Karry E. McQueen, Sharp, McQueen, McKinley, Dreiling, Morain & Tate, P.A., Liberal, KS, for John Tyler, Wheaties, Inc., defendants.

Robert E. Durrett, Coombs & Durrett,Chartered, Wichita, KA, Paul S. McCausland, Young, Bogle, McCausland, Wells & Blanchard, Wichita, KS, for John Walker, Jim Baker, defendants.

MEMORANDUM AND ORDER

MARTEN, District Judge.

John Walker and Jim Baker are named as individual defendants in this case. They have filed a motion to dismiss for lack of personal jurisdiction and improper venue pursuant to Fed.R.Civ.P. 12(b)(2) and (3) or in the alternative to dismiss under the doctrine of forum non conveniens. Plaintiff has responded and Mr. Walker and Mr. Baker have filed a reply. After reviewing the parties' submissions, the court finds it is without personal jurisdiction over Mr. Walker and Mr. Baker. For the reasons set forth below, their motion to dismiss is granted.

I. Factual Background

Plaintiff is a corporation, organized under the laws of and having its principal place of business in the province of Saskatchewan, Canada. John Tyler is a Kansas resident who is affiliated with the defendant, Wheaties, Inc. ("Wheaties"), a corporation organized under the laws of the state of Kansas. John Walker is a resident of Casa Grande, Arizona and is engaged in farming and custom harvesting in Arizona.

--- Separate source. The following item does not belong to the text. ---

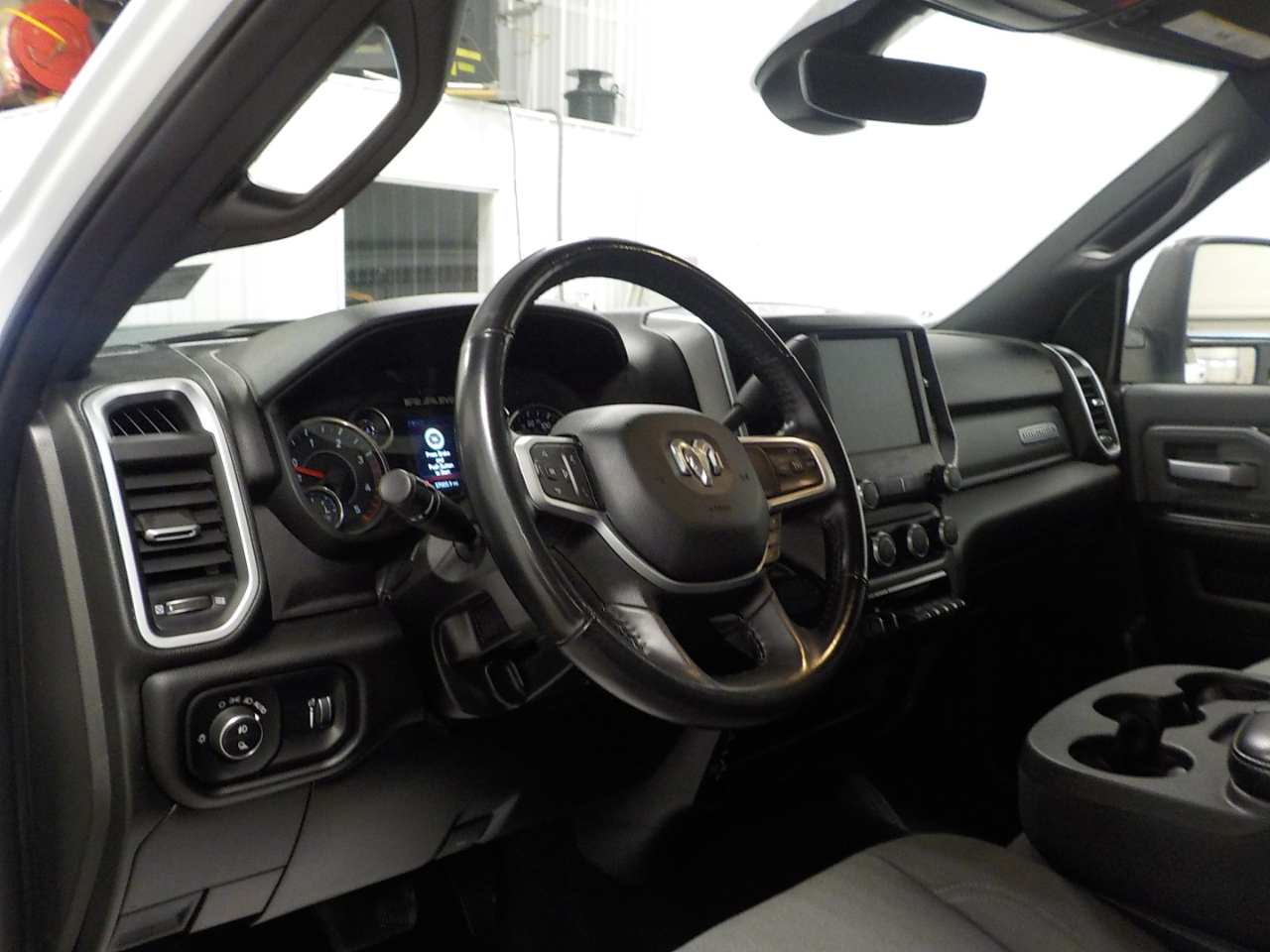 RAM 2500 Big Horn 4x4 Crew Cab 6'4" Box 2023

He performs custom harvesting through a corporation, John Walker Trucking, Inc. ("JWT"). Jim Baker is a resident of Spearman, Texas, and is engaged in custom harvesting throughout the Southwest, Rocky Mountains and Great Plains.1

Plaintiff entered into a series of Equipment Rental Agreements with Mr. Tyler and Wheaties to rent one John Deere 8400 tractor, eight John Deere combines and eight platforms. The parties entered into the agreement for the tractor in 1995, and they entered into the agreement for the combines and platforms in 1996.

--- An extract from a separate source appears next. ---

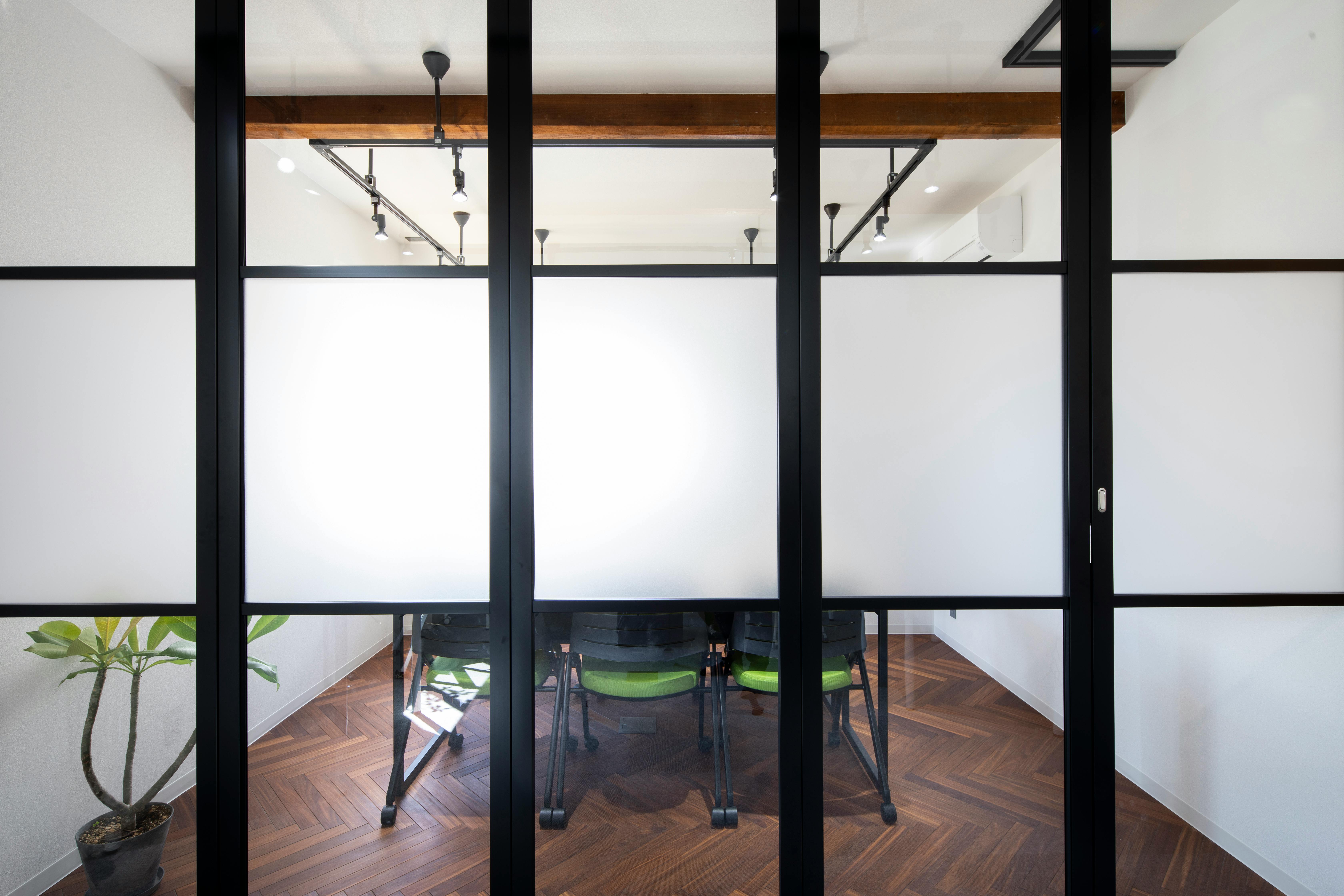 【吉祥寺駅から徒歩7分】ワークショップやセミナーに最適!中道通り商店街の貸し会議室レンタルスペース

In the spring of 1996, the United States Department of Agriculture Animal and Plant Health Inspection Service (APHIS) threatened to ban the harvesting of the 1996 Arizona wheat crop because of a potential infestation by a fungus known as Karnal Bunt. APHIS conducted several public meetings with Arizona farmers and custom harvesters to discuss the sampling protocol to be required by APHIS and the possible method for carrying out sampling in order for Arizona's 1996 wheat harvest to proceed. Mr. Tyler initially learned about the Karnal Bunt problem in Arizona on the news. He contacted Mr. Walker and told him they should contact APHIS to see if they could provide assistance in testing the wheat fields. At one of the APHIS meetings, Mr. Walker proposed a method to complete sampling of the Arizona wheat fields within a time period that would permit completion of the 1996 wheat harvest.

As a result of Mr. Walker's proposal, JWT, as general contractor, entered into an agreement with APHIS to conduct the sampling for the entire state of Arizona. JWT subcontracted the harvesting work to Field Samplers, L.L.C. ("FS"), an Arizona limited liability company created by JWT and Wheaties to harvest samples and further subcontract sampling work to other custom harvesters. Shortly after its inception, Mr. Baker d/b/a Baker Harvesting, joined FS as a member.

FS did business as and was sometimes referred to as "KB Samplers" in connection with the sampling program. No separate legal entity or partnership operating under the name KB Samplers has or did exist.

Numerous custom harvesters participated in the sampling program.2 The contract between APHIS and JWT required all combines used for the Karnal Bunt sampling program to be sanitized with a sodium hypochlorite solution after collecting each sample. The sanitation process caused damage to nearly all combines involved in the sampling program. As a result of the damage to combines owned and/or leased by JWT, Jim Baker, and Wheaties,3 JWT, the general contractor, and FS presented federal tort claims to APHIS in Arizona. APHIS settled individual property damage claims with JWT, Baker Harvesting, and Wheaties pursuant to a confidential settlement agreement executed on May 19 and 21, 1997.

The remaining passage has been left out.